* TASK TO CARRY OUT
The expected output is the line with "Regular Fit Quilted" plus all lines after it to the end of the material below, reproduced exactly, with pictures omitted and nothing else included.

* DATASET RECORDS
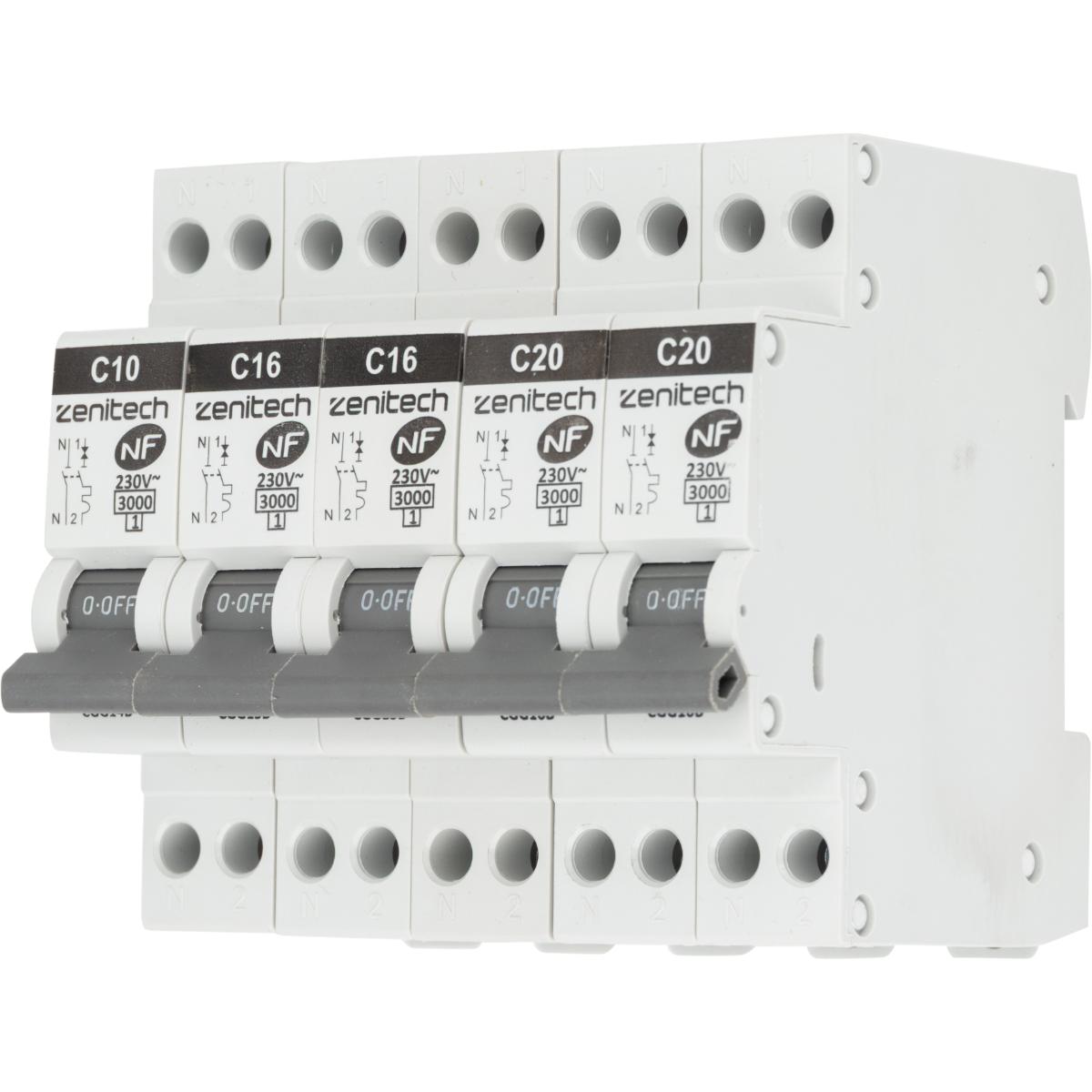 Pack de disjoncteurs 10A + 16A + 20A - Zenitech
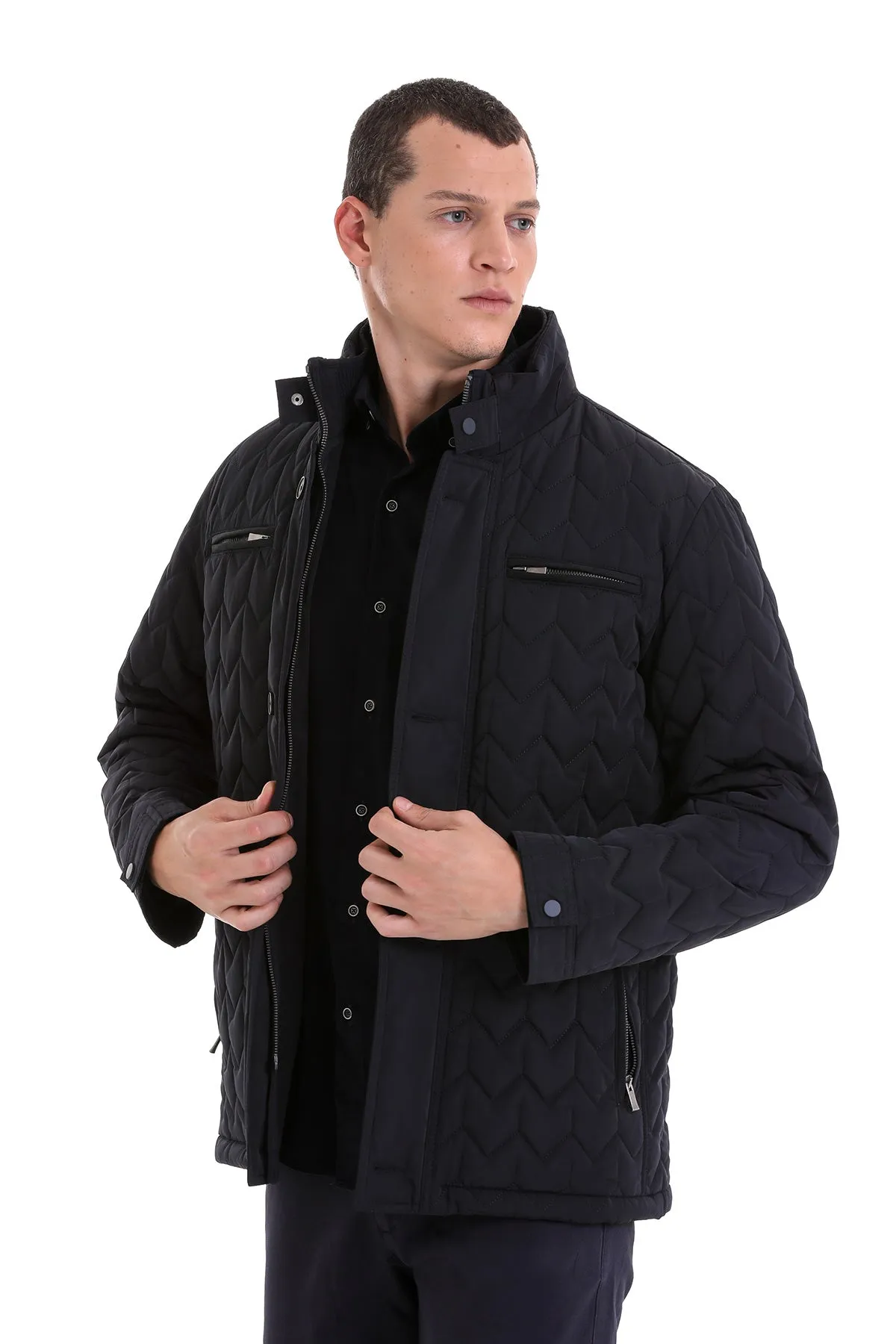 Regular Fit Quilted Stand Collar Navy Coat, Navy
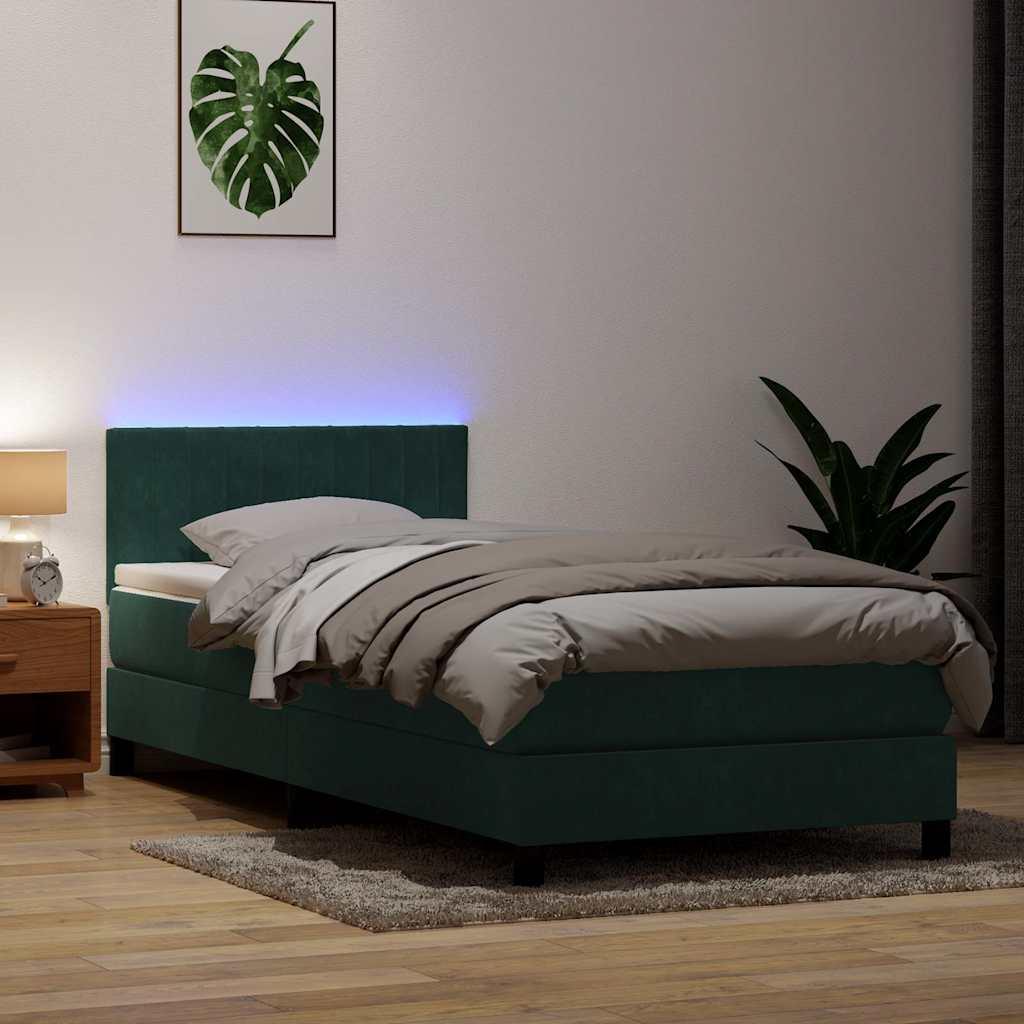 Kontinentalseng med madras og LED-lys mÃ¸rkegrÃ¸n 80x220 cm flÃ¸jl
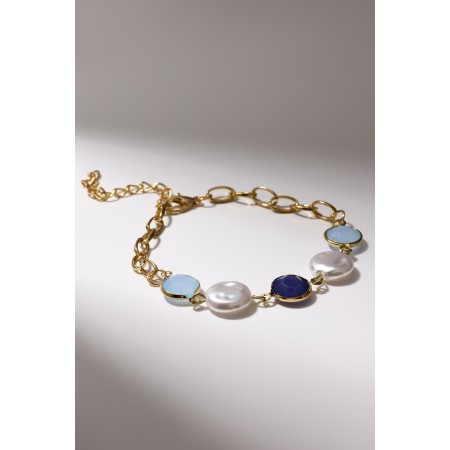 Bracelet "Night" with pearls, colored in gold, l = 16 cm-2
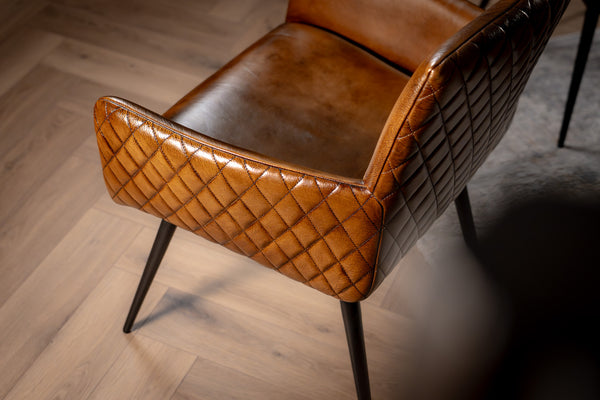 Genuine Leather Dining Armchair Antique Brown with Black Legs – Hudson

* SOLVED PROBLEM
 Regular Fit Quilted Stand Collar Navy Coat, Navy
 Kontinentalseng med madras og LED-lys mÃ¸rkegrÃ¸n 80x220 cm flÃ¸jl
 Bracelet "Night" with pearls, colored in gold, l = 16 cm-2
 Genuine Leather Dining Armchair Antique Brown with Black Legs – Hudson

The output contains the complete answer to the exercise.